### Exercise prompt
Would you write out the data below exactly, with every line intact?

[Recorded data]

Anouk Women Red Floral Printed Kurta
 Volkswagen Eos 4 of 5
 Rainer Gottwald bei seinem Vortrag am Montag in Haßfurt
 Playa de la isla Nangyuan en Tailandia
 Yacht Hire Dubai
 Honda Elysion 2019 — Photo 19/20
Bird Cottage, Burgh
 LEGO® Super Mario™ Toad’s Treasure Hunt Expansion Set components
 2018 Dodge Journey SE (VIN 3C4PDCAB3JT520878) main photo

### Expected answer
Anouk Women Red Floral Printed Kurta
 Volkswagen Eos 4 of 5
 Rainer Gottwald bei seinem Vortrag am Montag in Haßfurt
 Playa de la isla Nangyuan en Tailandia
 Yacht Hire Dubai
 Honda Elysion 2019 — Photo 19/20
Bird Cottage, Burgh
 LEGO® Super Mario™ Toad’s Treasure Hunt Expansion Set components
 2018 Dodge Journey SE (VIN 3C4PDCAB3JT520878) main photo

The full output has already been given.